Por otro lado, la letanía del equilibrio fiscal como fin en sí mismo suele venir acompañada de la crítica a los subsidios energéticos por ser “subsidios a los ricos”. Es un extraño subsidio que los ricos nunca defienden. Eliminarlos como si fueran un simple gasto, omite el impulso benéfico que ese ingreso indirecto lleva tanto a los hogares como a las industrias. El dilema moral que nos genera un rico nadando en su pileta calefaccionada con energía subsidiada por el IVA que pagan los más pobres tiene una solución sencilla: aumentarle los impuestos al nivel que pagan los ricos en esos países que nuestra derecha –hoy extrema derecha– considera serios. Que nuestros millonarios sigan calentando su pileta con energía barata (al fin y al cabo, no tienen más de una pileta por casa) y, a la vez, que incrementen su cuotaparte fiscal. Todos saldríamos ganando.

El discurso “teñido de rubio” también señala que el kirchnerismo “se pasó tres pueblos” en iniciativas alejadas de los verdaderos reclamos de la gente o de la propia tradición del peronismo. La derrota del 2023 se explicaría por el DNI no binario, el lenguaje inclusivo o la Interrupción Voluntaria del Embarazo, es decir, una de las ampliaciones de derechos más notables del gobierno de Alberto Fernández. Subyace la idea de volver hacia un discurso más tradicional, que nos lleve hacia un pasado al parecer virtuoso y, sobre todo, electoralmente exitoso. Es una versión tan falsa como derrotista, al considerar que la sociedad piensa de determinada forma y no hay nada que un espacio político pueda hacer para impulsar los cambios que considera benéficos. Al contrario, el kirchnerismo brilló cada vez que impulsó proyectos que no parecían formar parte de las urgencias ciudadanas (o, al menos, de las urgencias ciudadanas que señalaban las tapas de los diarios).
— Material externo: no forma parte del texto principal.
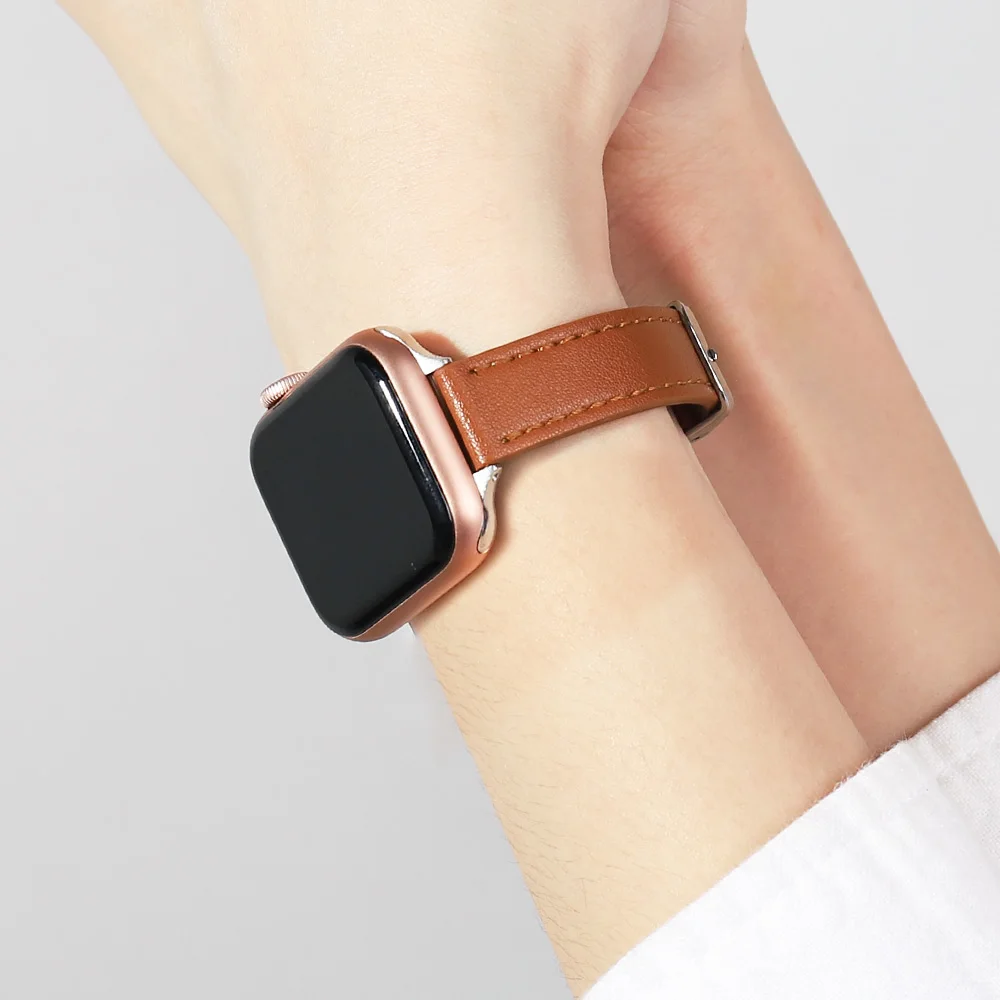 

Кожаный ремешок для Apple Watch Band 44 мм 45 мм 41 мм 40 мм 42 мм 38 мм, аксессуары для браслета iWatch Series 3 4 5 6 SE 7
Ocurrió con los juicios por crímenes de lesa humanidad, con la AUH, el matrimonio igualitario o la expropiación de YPF, que permitió el control de Vaca Muerta. Además, la crítica de un kirchnerismo alejado de la tradición peronista enfocada únicamente en derechos laborales o mejoras salariales, omite las grandes ampliaciones de derechos sociales de la tradición justicialista, como la patria potestad compartida, el sufragio femenino o el divorcio vincular.

Por último, “teñirse de rubio” y hablar la lengua de los de enfrente busca seducir a una audiencia que detesta al peronismo, aun en su versión helvética, y, a la vez, deja a la intemperie a las grandes mayorías en nombre de cuestiones instrumentales. En un momento en el que nuestra derecha –hoy extrema derecha– celebra a asesinos del siglo pasado como Ramón L. Falcón o Alberto Villar, es bueno recordar los objetivos virtuosos establecidos por un obstinado líder popular de ese siglo: “La felicidad del pueblo y la grandeza de la Nación.”

El resto es instrumental.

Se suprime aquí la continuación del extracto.